La voz de su padre, profunda y autoritaria, siempre lograba hacerle sentirse mejor.

A los diez segundos de empezar a escuchar el siguiente mensaje, pulsó el botón de avance. Era de alguien pidiéndole un donativo para un instituto que no conocía.

El tercer y último mensaje requirió de toda su concentración. La voz gutural y vibrante llamó de inmediato su atención. Dejando a un lado el tenedor, tomó papel y lápiz.

No estoy seguro de que este sea el número correcto, pero la señora Manetti sugirió que llamara. Se ocupa del catering, no para mí, para mis padres, aunque ellos no lo saben —el hombre suspiró irritado—. Empezaré de nuevo.

—Adelante —murmuró Elizabeth divertida mientras se llenaba la boca de comida china.

Voy a dar una fiesta especial y alguien sugirió que estaría bien tener música…

—Desde luego —contestó ella al aparato—. La música siempre está bien.

Y sobre todo que te pagaran por ella.

El hombre de la voz grave se aclaró la garganta varias veces antes de continuar.

Yo… eh… intentaré llamar más tarde —se despidió al fin.

«¿Ya está?». Elizabeth contempló el contestador con gesto contrariado.

—No me puedo creer que haya colgado sin más —exclamó incrédula.

Buscó el número de la llamada entrante en la pantalla del teléfono, ya que el hombre no había facilitado sus datos. Las palabras «número privado», aparecieron en grandes letras.

No había número, ni nombre. Nada. Ese hombre, al parecer, valoraba su intimidad.

Elizabeth soltó un suspiro de exasperación. No había nada que odiara más que pensar que le iban a ofrecer un trabajo y que luego no cuajara.

O como en ese caso en que le habían mostrado la zanahoria antes de tirar de la cuerda.

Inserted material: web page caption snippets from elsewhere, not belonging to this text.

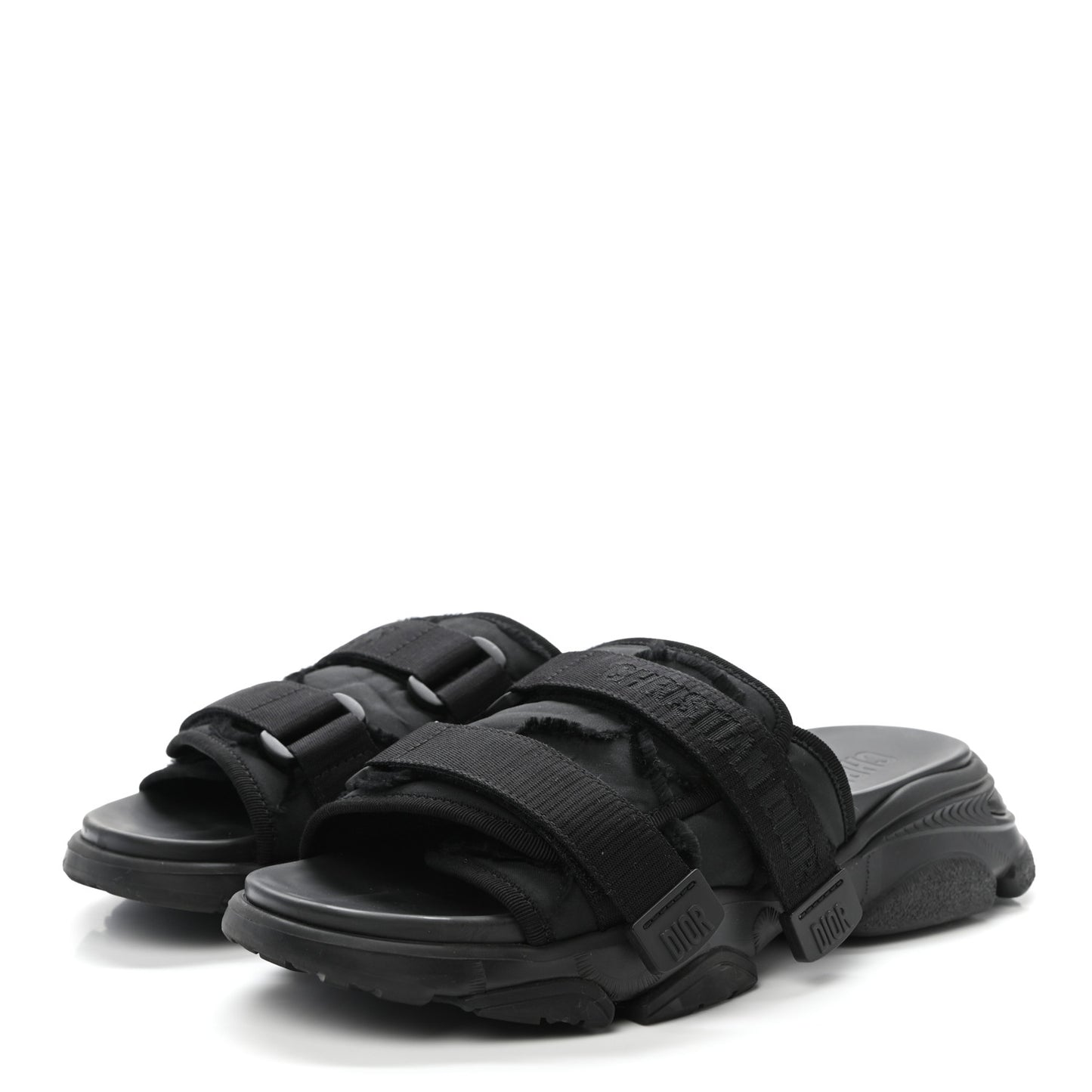 Technical Fabric Camouflage D-Wander Slide Sandals 40 Black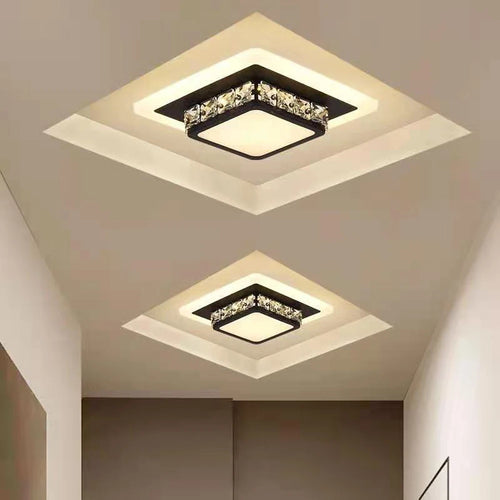 Plafonniers en cristal modernes lampe à LED pour salon chambre étude blanc noir Surface montée éclairage décoration lustre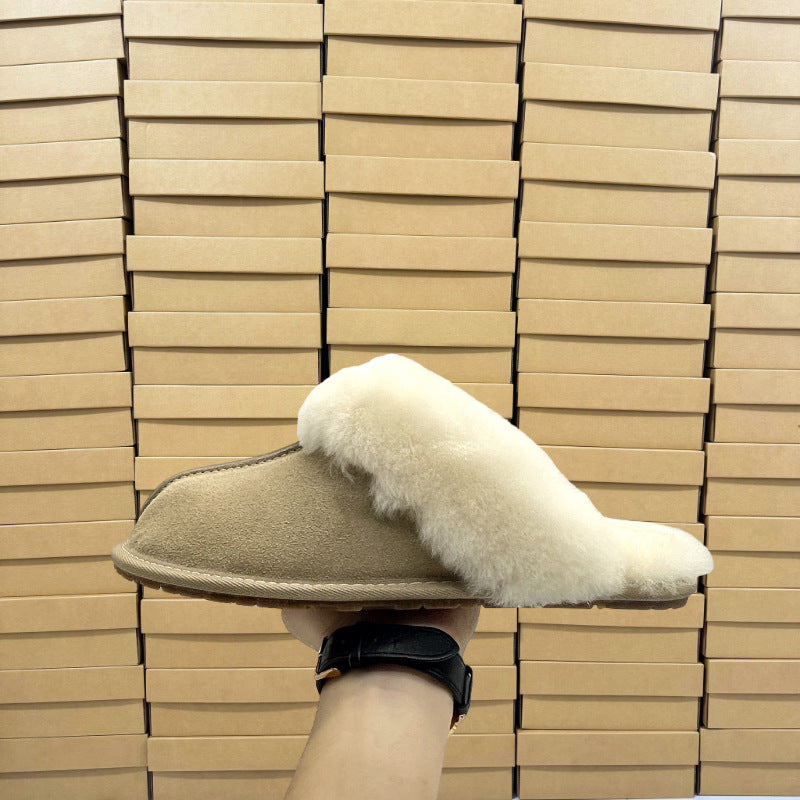 Wool Lazy Furry Home Comfortable Out Star Thin Slippers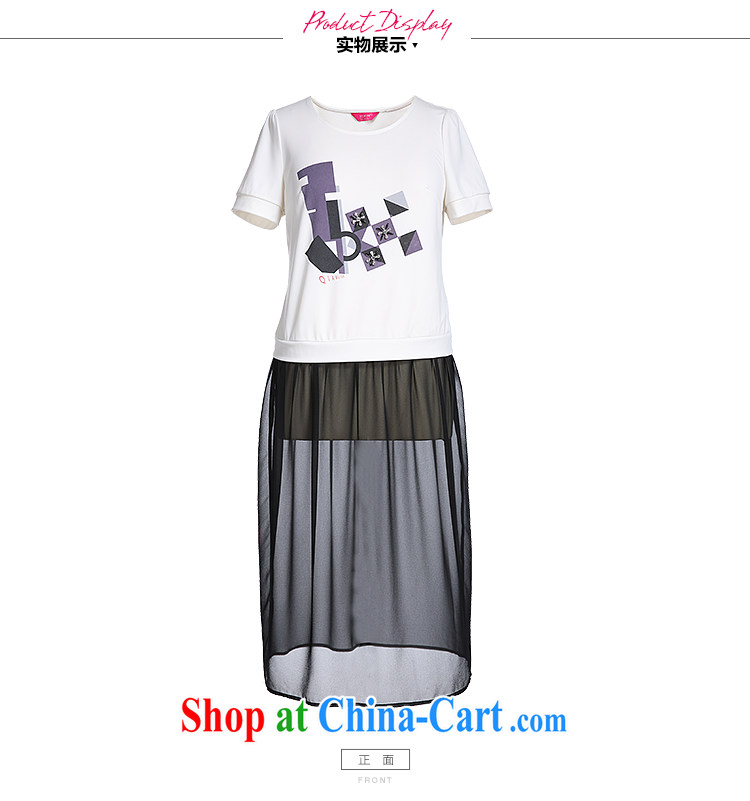 Slim Li-su 2015 summer new, larger female round-collar Korean hot pushpins Pearl T shirts stitching snow woven skirts leave two-piece dresses Q 7970 m White 2XL pictures, price, brand platters! Elections are good character, the national distribution, so why buy now enjoy more preferential! Health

«Quizás vuelva a llamar», pensó tras colgar el teléfono. Solo le quedaba esperar. No estaba en situación de encogerse de hombros ante una oferta económica. Necesitaba todas las actuaciones que pudieran ofrecerle.

—Mañana será otro día, quizás mejor —murmuró.

Borró los dos últimos mensajes. Si don Voz Profunda no volvía a llamar, otra persona lo haría. Por suerte, siempre la llamaba alguien. Después de ocuparse de las facturas, guardaba lo que le sobrara para vivir en caso de que pasara mucho tiempo entre una actuación y otra.

Afortunadamente no tenía muchos gastos y sus gustos no podían ser menos extravagantes.